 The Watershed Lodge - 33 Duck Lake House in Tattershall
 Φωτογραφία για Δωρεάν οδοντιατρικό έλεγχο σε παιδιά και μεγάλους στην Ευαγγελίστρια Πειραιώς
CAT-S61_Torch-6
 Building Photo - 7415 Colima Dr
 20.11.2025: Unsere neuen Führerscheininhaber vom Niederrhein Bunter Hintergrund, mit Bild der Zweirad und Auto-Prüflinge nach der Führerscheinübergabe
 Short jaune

------------------------------------------------------------

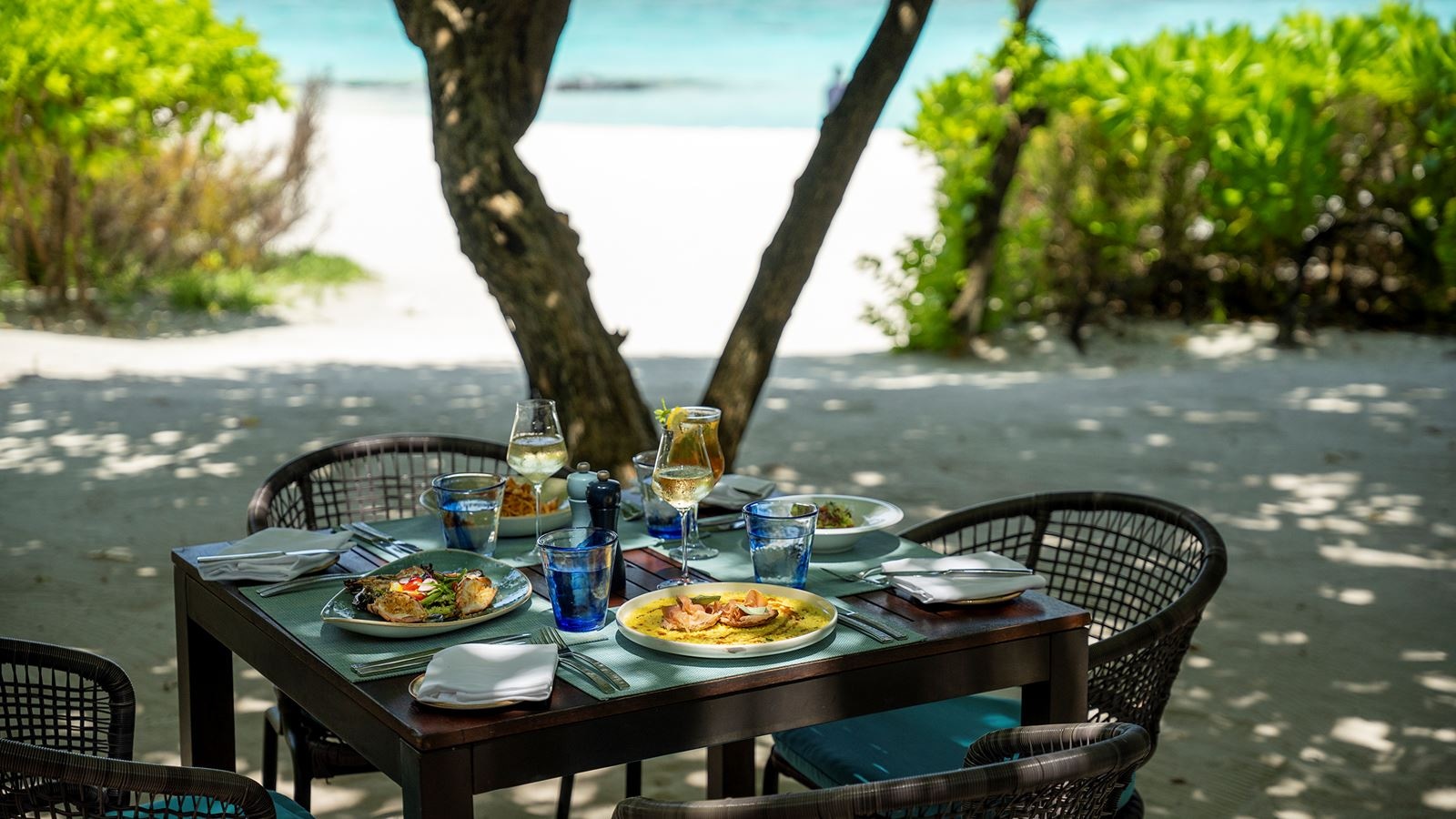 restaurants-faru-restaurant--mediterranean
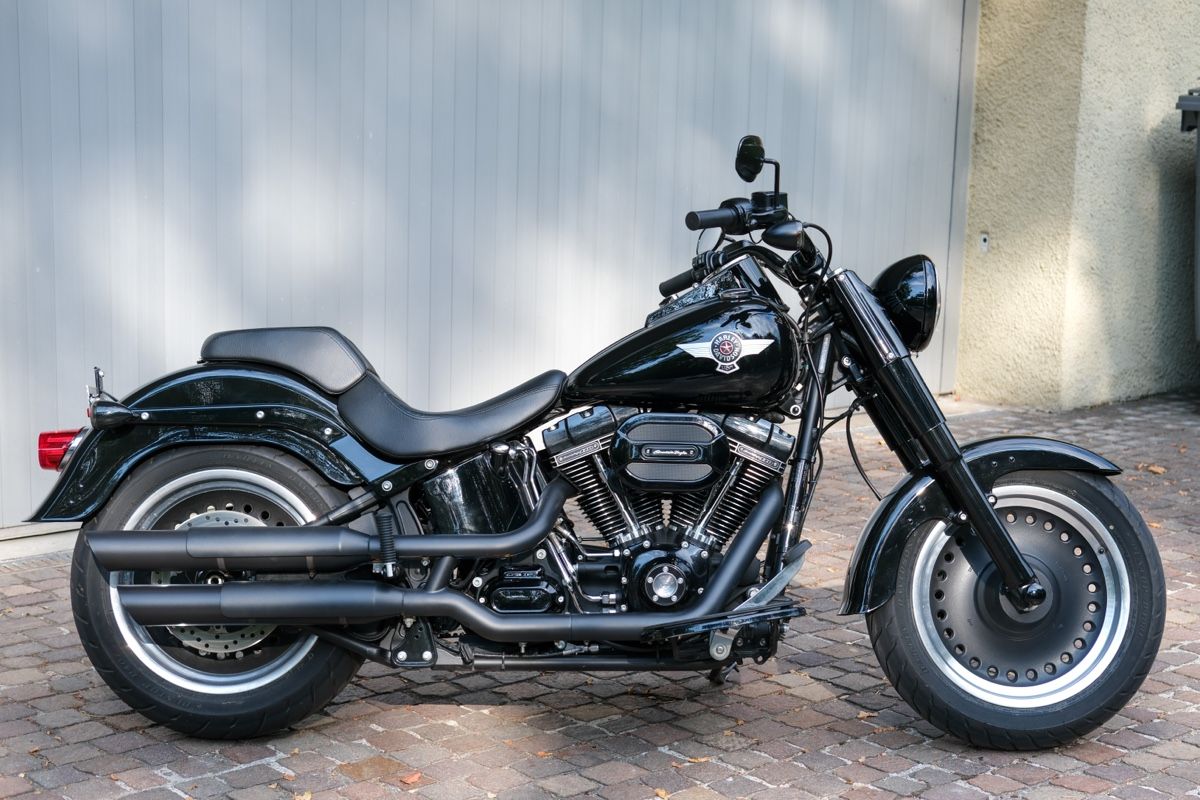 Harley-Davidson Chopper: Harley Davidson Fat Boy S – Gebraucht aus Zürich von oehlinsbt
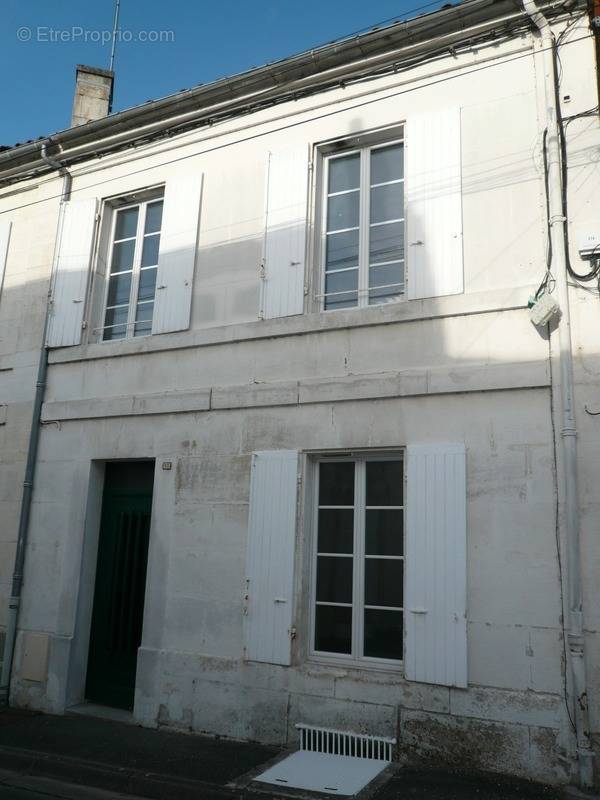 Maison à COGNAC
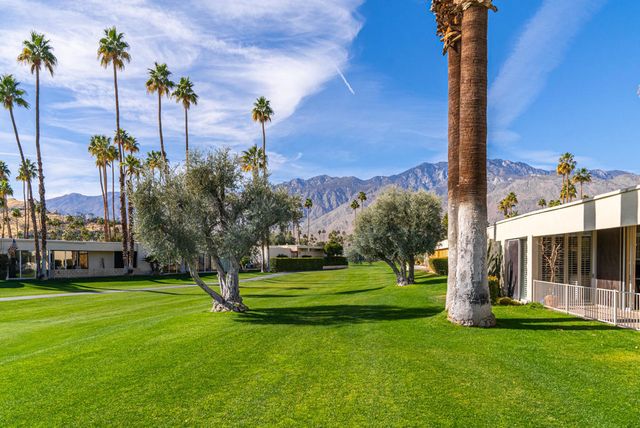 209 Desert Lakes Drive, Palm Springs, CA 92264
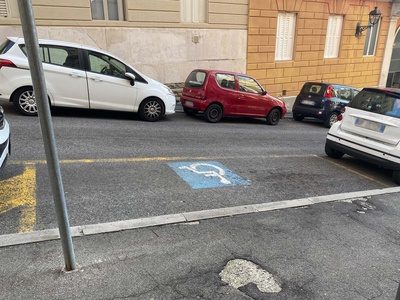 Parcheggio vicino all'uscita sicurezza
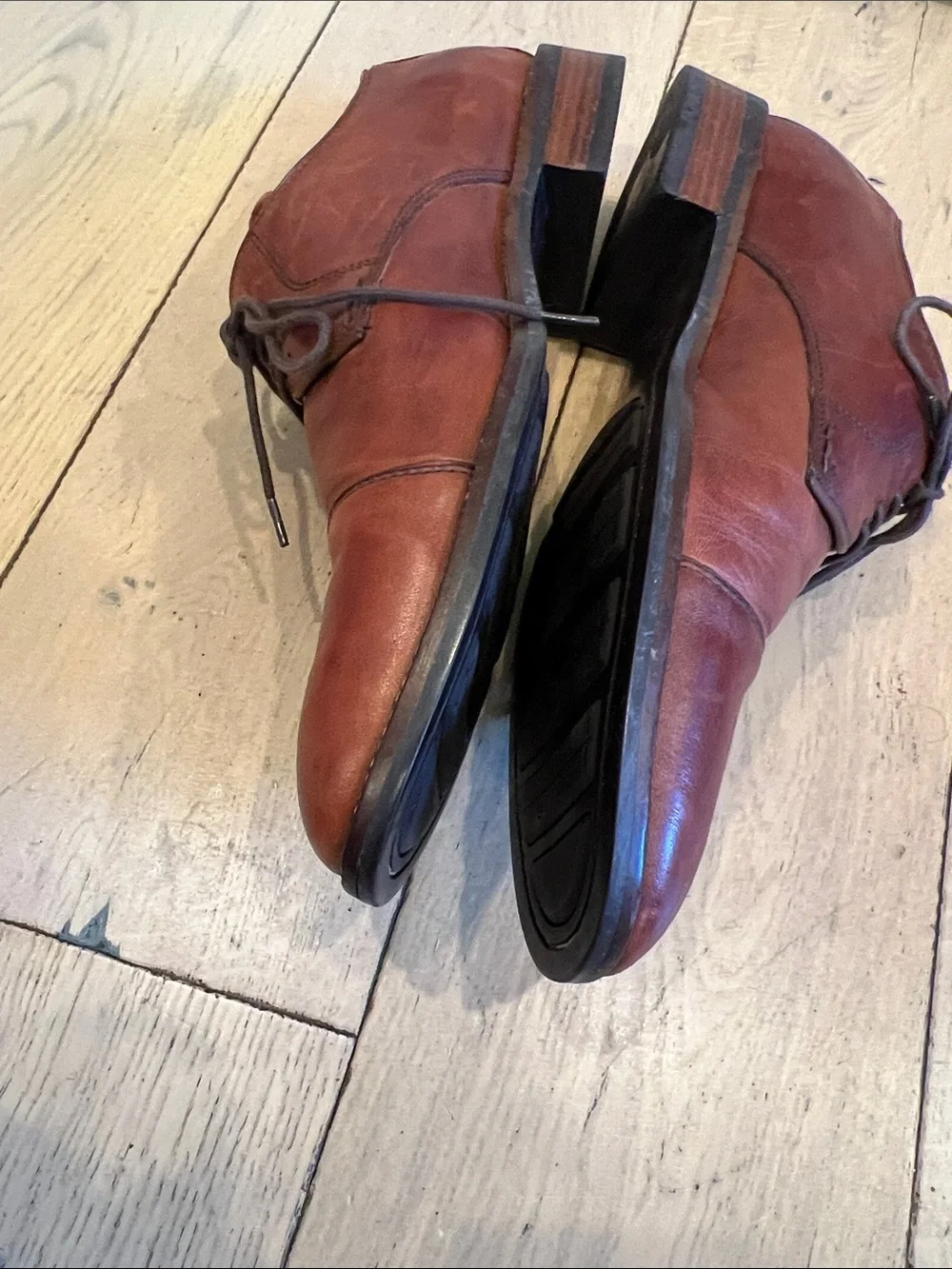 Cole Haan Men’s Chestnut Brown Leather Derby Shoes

------------------------------------------------------------

#### Task
Look above for the line containing "restaurants-faru-restaurant--mediterranean", then copy exactly from it through the line containing "Cole Haan Men’s", keeping both and leaving out pictures. Add nothing else.

#### Exercise output
 restaurants-faru-restaurant--mediterranean
 Harley-Davidson Chopper: Harley Davidson Fat Boy S – Gebraucht aus Zürich von oehlinsbt
 Maison à COGNAC
 209 Desert Lakes Drive, Palm Springs, CA 92264
 Parcheggio vicino all'uscita sicurezza
 Cole Haan Men’s Chestnut Brown Leather Derby Shoes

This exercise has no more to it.